機動戦士ガンダム本編とは直接関係ありません、全くの別物として軽い気持ちでお楽しみ下さい。

 北米 アリゾナ連邦軍空軍基地 2月14日
 
 早朝から慌ただしかったアリゾナ基地に、空襲警報が響き渡ったのは、後少しで10時を迎えようかというときだった。空襲警報が、響き渡っても常日頃から訓練していたように迎撃機がスクランブルすることはなかった。代わりに滑走路わきに待機していたミデアが、1機、2機と誘導路から滑走路に慌ただしく引きだされて発進していく。
 スクランブル任務につくべきフライアロー戦闘機は、掩体壕に入ったままだった。
 そればかりでない。
 防空任務の主役であるはずの地対空ミサイル陣地も、全くなんの動きも見せてはいなかった。
 そもそも、この日、アリゾナ基地に配備されていた戦力は、基地の規模からするならばあまりに少なかった。たまたま少なかったのではない。この日のことを考慮していたのだ。
 ジオンの全く新しいタイプの空襲に、連邦軍のあらゆる迎撃装備は無力で、それに対抗する手段は、空襲が想定される地域から退避しているほかなかったからだ。
 
 空襲警報からおよそ5分、秒速10キロに達したそれは、唐突にアリゾナ基地に着弾した。
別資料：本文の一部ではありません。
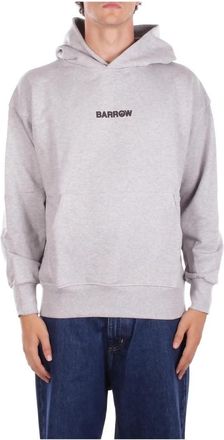 Barrow Grijze hoodie met voor- en achterprint - Heren - Hoodies - Grijs - M - Katoen - Hoodies & sweatvesten
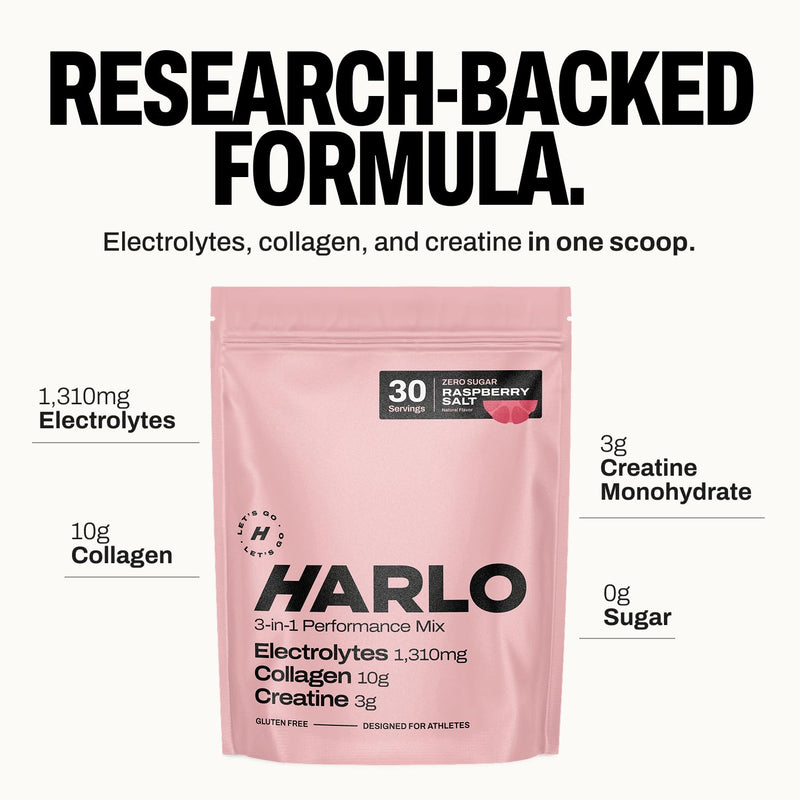 Harlo 3-in-1 Electrolytes Powder with Creatine & Collagen – Hydration, Muscle & Joint Support | Zero Sugar | 30 Servings (Raspberry) Raspberry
ほとんど直線に近い放物線を描いて着弾したそれは、地表に到達すると同時にその莫大な運動エネルギーをもって地中に潜ろうと試みた。もちろん、それは可能かに見えた。しかし、地表に到達した瞬間それは阻止される結果になった。あまりにも莫大な運動エネルギーを持っているはゆえに運動エネルギーは、熱エネルギーへと瞬時に変換されたからだ。爆発的に発生した熱エネルギーは、そのもの自体を蒸発させ衝撃波を伴い周囲へと急速に拡散させた。可燃物に触れるとそれを瞬時に発火させた。また、衝撃波は、大抵の人口構造物を紙細工のように吹っ飛ばすことが出来るほど凄まじかった。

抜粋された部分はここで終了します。